After the Fast

The Fast ended and life continued.

I was tired of trying so hard to please my manager. I'd hit bottom, there was no further to fall. Something snapped and suddenly I wasn't going to try so hard any more.

Standing at the bus stop one morning, I had a brief conversation with God in which I expressed my frustration. Then I had a light bulb moment, I was reminded that my life is not about me, it's all about God and His purposes to perform, even when it makes no sense to me. I was helpless, unarmed - a reminder that I was nothing without Him. My attempts to twist His arm, begging Him to perform miracles didn’t work. He chose to do what He willed, even if it meant looking foolish which I did. I remember thinking, "This must be what it's like to be stupid and totally clueless. Your head is spinning, you don't know whether you are coming or going." But how God was using this for His glory remained a mystery to me.
In a brief meeting with my manager she identified one of my strengths and then proceeded to shred me to pieces. I took the rebuke respectfully. I guess showing up to office every day was a sign of my madness so she gave me a second chance. I was both shocked and relieved. Shocked that a second chance was even a possibility and relieved that the conversation, the moment of truth was finally behind me. I thanked her profusely (I think) and promised to improve my performance.

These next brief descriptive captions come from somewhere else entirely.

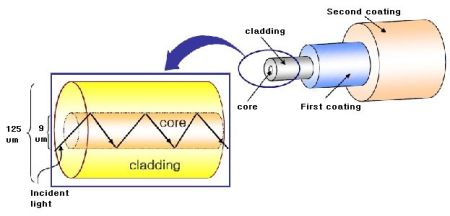 Struttura di un cavo di fibra ottica: nucleo (core); mantello (cladding); rivestimento (coating).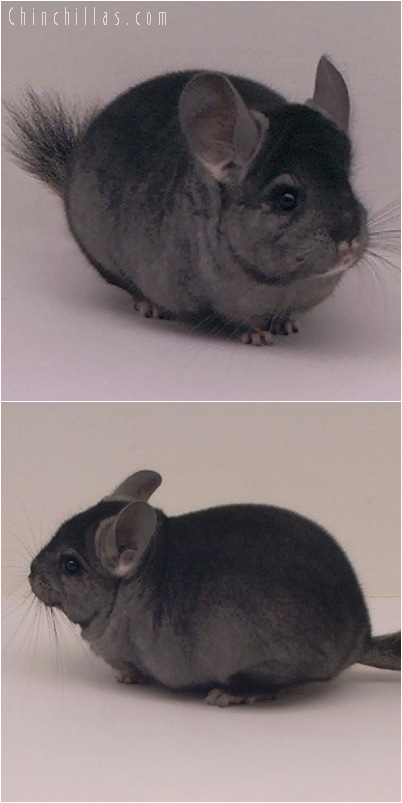 5042 Show Quality Ebony Female Chinchilla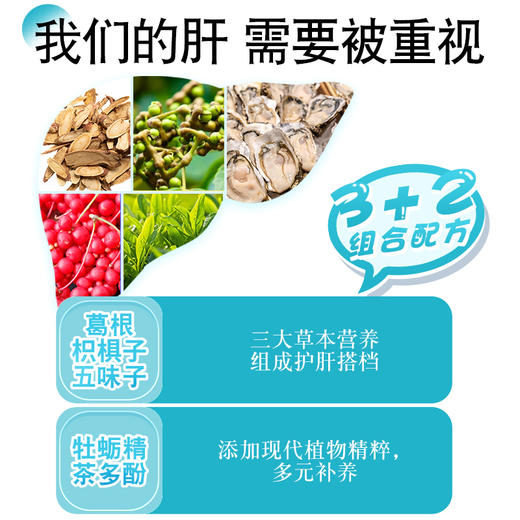 （养肝护肝）斯利安康上工强生堂牡蛎葛根枳椇子胶囊40粒【FX】 商品图2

It's over a month since our meeting and I'm happy to report that my job doesn't feel like a crash course in Chinese and Arabic all at once.
I'm hitting assignments smack in the center and compliments aren't so scarce.
Something about my disposition under pressure and intensity shone through.
My strengths and weaknesses were exposed in 3 short months.
Now I know the areas that need work and those that should keep shining.
I’m beginning to understand the culture and the unwritten rules; Confidence, Work, work, work (no matter what it takes), be articulate, be loud, be energized, be assertive.
I still make mistakes from time to time but there is no fear, I know God's got my back.
In ALL things, not some but ALL things God works for the good of those that love Him and are called according to His purpose.
That brings me to Oswald Chambers and the reading of May 15 from "My Utmost For His Highest"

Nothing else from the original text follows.